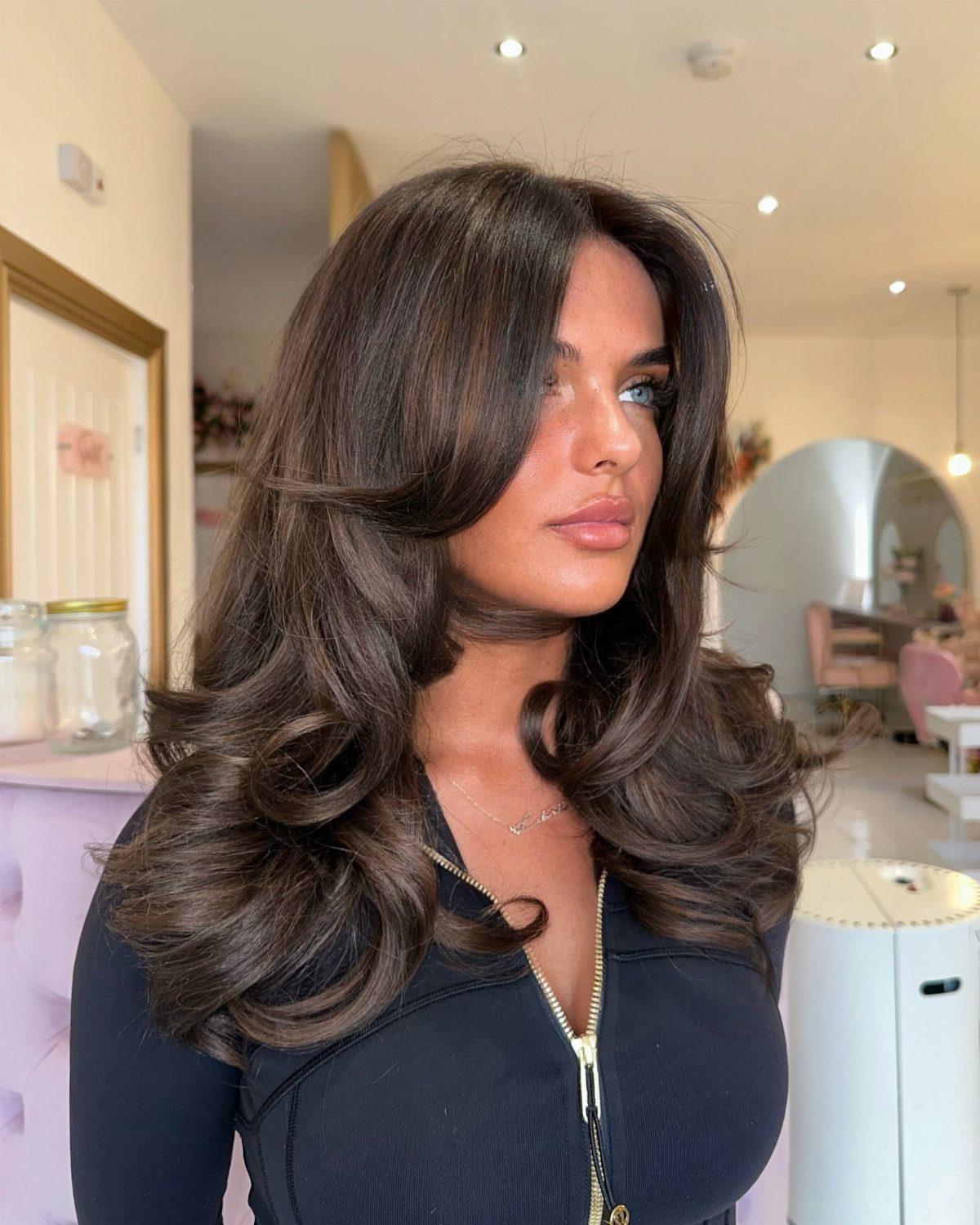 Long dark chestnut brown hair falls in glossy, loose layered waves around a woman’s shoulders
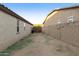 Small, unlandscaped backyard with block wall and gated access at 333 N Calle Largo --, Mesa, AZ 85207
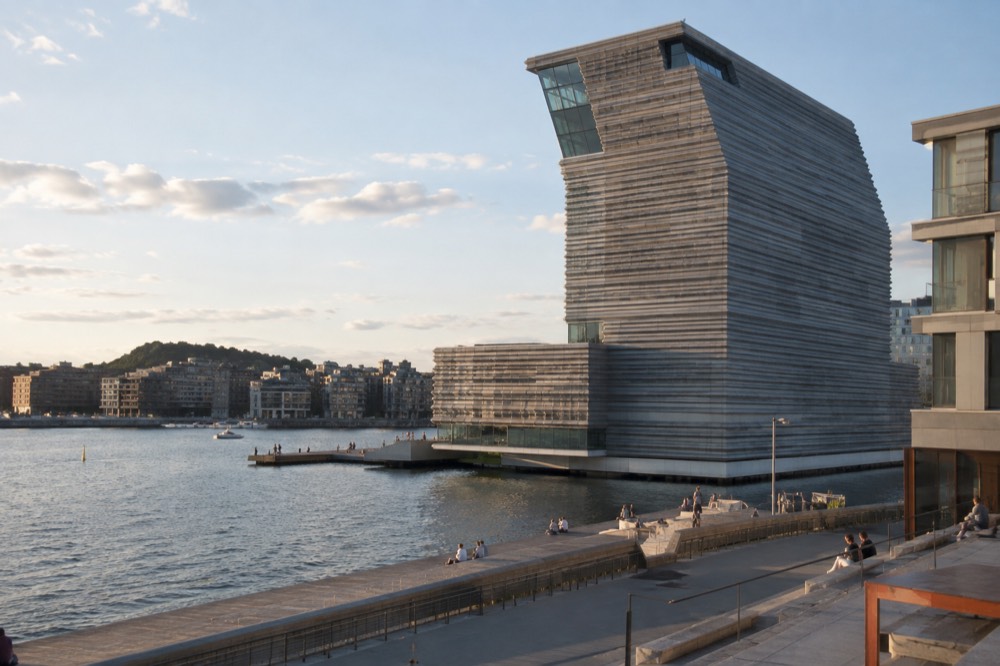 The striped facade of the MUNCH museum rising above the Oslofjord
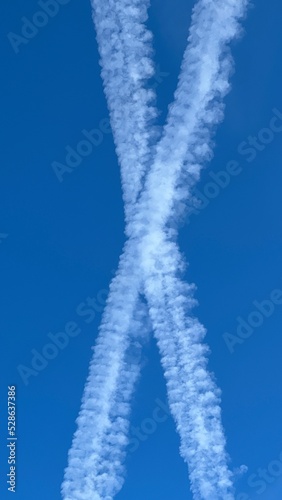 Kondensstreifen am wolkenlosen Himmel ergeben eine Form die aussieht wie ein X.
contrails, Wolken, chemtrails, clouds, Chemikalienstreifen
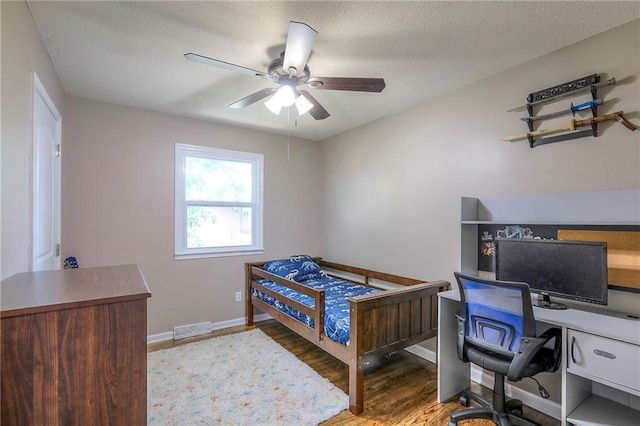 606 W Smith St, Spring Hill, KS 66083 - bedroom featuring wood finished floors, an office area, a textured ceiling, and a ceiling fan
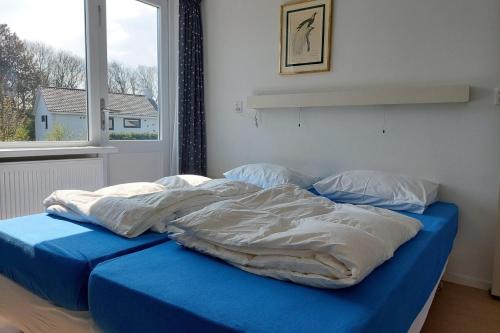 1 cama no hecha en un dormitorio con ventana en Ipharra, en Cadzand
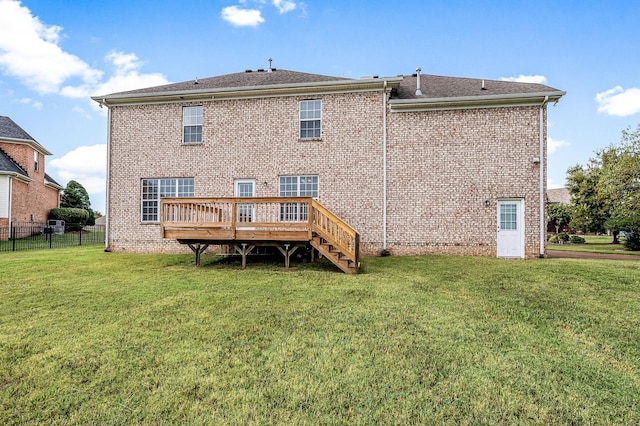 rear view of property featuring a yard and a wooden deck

****

* **Directions for this task**
Your answer must be the entries written out word for word, without their pictures.

* **Output below**
 Long dark chestnut brown hair falls in glossy, loose layered waves around a woman’s shoulders
 Small, unlandscaped backyard with block wall and gated access at 333 N Calle Largo --, Mesa, AZ 85207
 The striped facade of the MUNCH museum rising above the Oslofjord
 Kondensstreifen am wolkenlosen Himmel ergeben eine Form die aussieht wie ein X.
contrails, Wolken, chemtrails, clouds, Chemikalienstreifen
 606 W Smith St, Spring Hill, KS 66083 - bedroom featuring wood finished floors, an office area, a textured ceiling, and a ceiling fan
 1 cama no hecha en un dormitorio con ventana en Ipharra, en Cadzand
 rear view of property featuring a yard and a wooden deck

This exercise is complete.